Żak Natalia, Wilczyńska Aleksandra
Department of Quality Management, Gdynia Maritime University, ul. Morska 81-87, 81-225 Gdynia, Poland.
Foods. 2023 Aug 25;12(17):3210. doi: 10.3390/foods12173210.
The aim of this study was to review methods of honey testing in the assessment of its quality and authenticity.

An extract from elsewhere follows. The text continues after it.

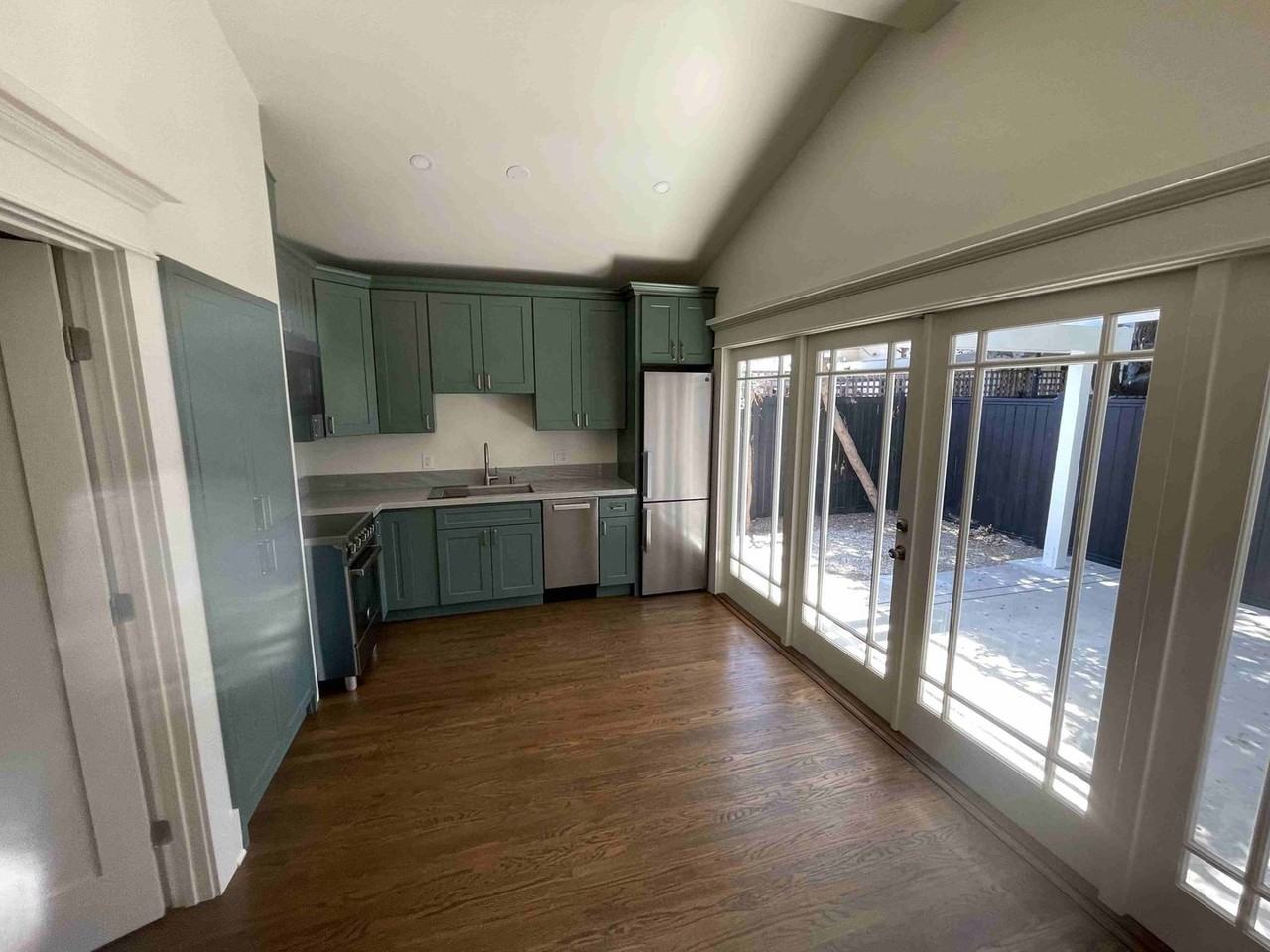 1810 Taft Ave - Photo 5 of 16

The quality of honey, like other food products, is multidimensional. This quality can be assessed not only on the basis of the characteristics evaluated by the consumer during purchase and consumption, but also on the basis of various physicochemical parameters. A number of research methods are used to verify the quality of honeys and to confirm their authenticity. Obligatory methods of assessing the quality of honey are usually described in legal acts. On the other hand, other, non-normative methods of honey quality assessment are used worldwide; they can be used to determine not only the elementary chemical composition of individual types of honey, but also the biological activity of honey and its components. However, so far, there has been no systematization of these methods together with a discussion of problems encountered when determining the authenticity of honeys. Therefore, the aim of our study was to collect information on the methods of assessing the quality and authenticity of honeys, and to identify the problems that occur during this assessment. As a result, a tabular summary of various research methods was created.
本研究的目的是回顾蜂蜜检测方法,以评估其质量和真伪。与其他食品一样,蜂蜜的质量是多维度的。这种质量不仅可以根据消费者在购买和消费过程中评估的特征来评估,还可以根据各种理化参数来评估。许多研究方法被用于验证蜂蜜的质量并确认其真伪。评估蜂蜜质量的强制性方法通常在法律法规中有所描述。另一方面,全球还使用其他非规范性的蜂蜜质量评估方法;这些方法不仅可以用于确定各类蜂蜜的基本化学成分,还可以用于确定蜂蜜及其成分的生物活性。然而,到目前为止,这些方法尚未进行系统化整理,也没有对确定蜂蜜真伪时遇到的问题进行讨论。因此,我们研究的目的是收集有关评估蜂蜜质量和真伪方法的信息,并确定在此评估过程中出现的问题。结果,创建了一个各种研究方法的表格总结。